Reliance Jio had unhinged the prevailing market metrics and the existing players were forced to dole out discount offers to salvage their customer base. But still they could not match Ambani’s deep pockets and tempting offers. Now competitors are crying foul over the newcomer’s alleged violation of norms regarding freebies.
In the latest development Vodafone India has sought an “immediate intervention” from the Telecom Regulatory Authority of India (TRAI). The Hindu has reported that the company alleges Reliance Jio had still been “luring” customers to its “Summer Surprise” offer after the telecom regulator suggested it be withdrawn.
Vodafone India said the offer was in blatant violation of TRAI’s advice. “Such promotions to customers make the regulatory advisory meaningless,” the company said in a letter to the regulator.
Reliance Jio announced its decision to withdraw the offer on April 6 after TRAI “advised” it to do so, The Hindu reported. Since its launch it has been offering free services to users under two separate offers and was supposed to start charging them from April 1 onwards. That deadline was extended, however, with a “Summer Surprise” offer. For some customers, that meant they were eligible for free data and voice services for another three months.

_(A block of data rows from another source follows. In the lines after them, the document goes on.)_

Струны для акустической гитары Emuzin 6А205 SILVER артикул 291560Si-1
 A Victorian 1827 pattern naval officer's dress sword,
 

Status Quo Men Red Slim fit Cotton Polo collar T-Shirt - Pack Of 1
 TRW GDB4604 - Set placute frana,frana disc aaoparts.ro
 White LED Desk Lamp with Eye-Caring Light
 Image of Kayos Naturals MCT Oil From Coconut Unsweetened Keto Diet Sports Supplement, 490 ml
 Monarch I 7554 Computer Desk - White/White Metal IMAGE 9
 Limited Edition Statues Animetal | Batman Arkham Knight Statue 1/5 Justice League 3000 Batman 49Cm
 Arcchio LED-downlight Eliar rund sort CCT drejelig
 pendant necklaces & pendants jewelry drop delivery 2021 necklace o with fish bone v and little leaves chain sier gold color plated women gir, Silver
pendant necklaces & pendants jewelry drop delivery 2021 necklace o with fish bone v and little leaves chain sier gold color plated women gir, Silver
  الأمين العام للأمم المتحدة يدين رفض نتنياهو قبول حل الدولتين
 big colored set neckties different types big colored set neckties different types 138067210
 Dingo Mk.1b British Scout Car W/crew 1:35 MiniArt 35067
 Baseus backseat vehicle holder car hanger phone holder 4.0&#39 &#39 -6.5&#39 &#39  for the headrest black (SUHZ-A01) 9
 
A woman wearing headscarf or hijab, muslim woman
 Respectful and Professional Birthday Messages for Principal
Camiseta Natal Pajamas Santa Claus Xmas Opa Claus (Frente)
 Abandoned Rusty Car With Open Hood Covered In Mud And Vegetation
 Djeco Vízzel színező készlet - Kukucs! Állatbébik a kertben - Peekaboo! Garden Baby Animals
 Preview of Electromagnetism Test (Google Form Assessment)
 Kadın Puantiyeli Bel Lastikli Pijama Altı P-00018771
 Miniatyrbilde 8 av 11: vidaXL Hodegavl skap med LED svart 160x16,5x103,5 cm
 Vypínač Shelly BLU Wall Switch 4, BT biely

The prolonged price war is taking a toll on the industry, according to the Managing Director (India and South Asia) of the country’s largest player, Bharti Airtel. Gopal Vittal said at the recently held ET Telecom India Mobile Congress that the industry’s financial health was at its weakest ever with a massive debt burden exceeding Rs 4.5 trillion (US$ 6.97 billion).
He pointed out that the return on capital for companies was as low as 1%. “You might as well instead invest in fixed deposits and make a much higher return,” he remarked.
On March 2, the Telecom Commission, the highest decision-making body for the sector, communicated to TRAI the “urgent need” to implement its directions on promotional offers, in letter and spirit.